'night, Mother starts out innocently enough: A young woman asks her mother for some old towels and bedsheets and a bucket. But then she asks for a gun.

From the first five minutes of Marsha Norman's 1983 Pulitzer Prize-winning drama - being performed by New Ground Theatre through May 9 - an undercurrent of dread runs beneath some engaging and natural-sounding dialogue I've ever heard delivered onstage. When, on opening night, the play reached its inevitable but still shocking conclusion an hour-and-a-half later, I felt as if I'd been through an emotional wringer. Norman's script is powerful and complex - funny and off-handed and unbearably heart-wrenching in its exploration of a relationship between a mother and her epileptic, suicidal daughter - and I can't get the second-to-last line out of my head.

Of course, Norman's script wouldn't have made such an emotional impact on me if Lora Adams hadn't done such fine work of directing two of the area's most talented female actors in the roles of the mother, Thelma (Susan Perrin-Sallak), and the daughter, Jessie (Jamie Em Behncke). I can't give enough praise, or express enough of my awe, to these women, who poured so much feeling and physical effort into their performances; I don't know how they mustered the strength to drive home after the show.

Sallak was spot-on as the (former) farmer's wife who doesn't see the point of analyzing life's details. She utilized nearly every line of dialogue to convey a different, specific emotion, and I particularly enjoyed watching her anger and resentment slowly build as she tried to guilt her daughter into sticking around in the land of the living. ("Well, whoever promised you a good time?") And the scene in which she blames herself as the cause of her daughter's epilepsy was very poignant and personal to me, especially as a mom who feels responsible for... well, just about everything to do with my daughter.
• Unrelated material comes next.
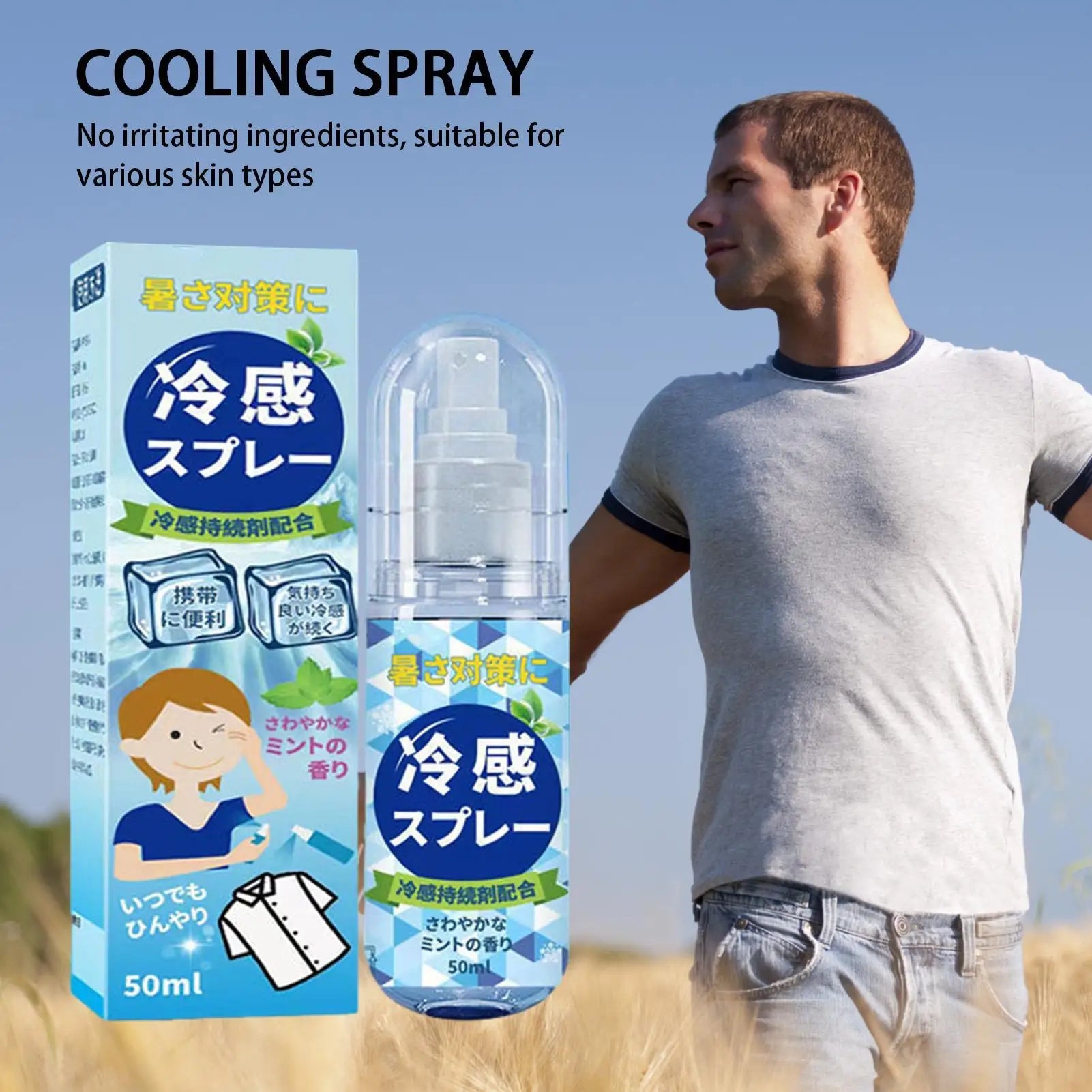 Skin Cooling Spray Summer Cooling Spray for Face & Body Long-lasting Portable Hydrating Cool Spray Bottle Cool in Summer Hot Qme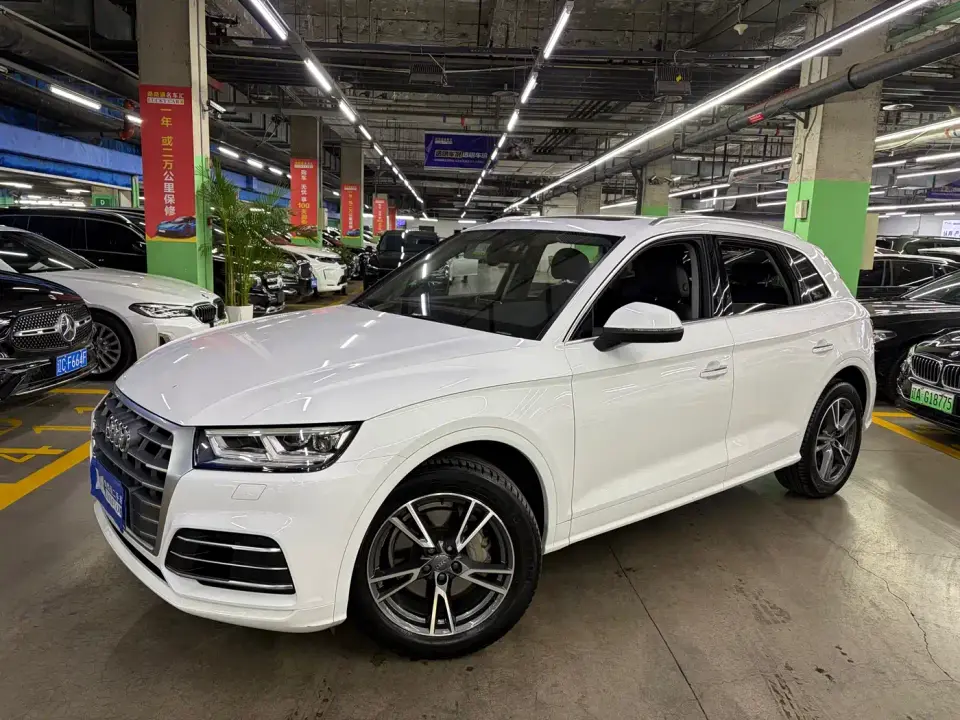 Audi Q5L 40 TFSI Prestige Fashion (China V) 2019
Meanwhile, Behncke's interpretation of the divorced adult daughter with a troublesome son beautifully conveyed her character's helplessness and stubborn acceptance of the decision she's made. I was most impressed with how easily - or so it seemed to me - her character's grief seeped out of her when she discovered an unknown detail about her divorce.

Divorce, epilepsy, suicide... . I know: 'night, Mother sounds like a Nicholas Sparks novel at its worst. And I have a feeling some potential audience members will cast Mother off as too much of an emotional downer to be fulfilling. But they'd be missing out. There are plenty of funny and endearing moments between the characters here that have universal appeal (especially, I think, to a Midwestern audience). And even though the play ends the way most people will predict it will, it's the getting there, and the getting to know the characters, that makes seeing this short play so worthwhile. Even the saddest moments made me want to gather my loved ones closer to me, and appreciate the times I do get to spend with them, instead of worrying about the inevitability of death.

Usually I can find some element of a production that I feel needs improvement, but a day after seeing it, I'm still reeling from New Ground's interpretation of 'night Mother in their wonderfully accommodating space in the Village Theatre. This was one of the most impactful shows I've seen all year, and I wouldn't have changed a thing.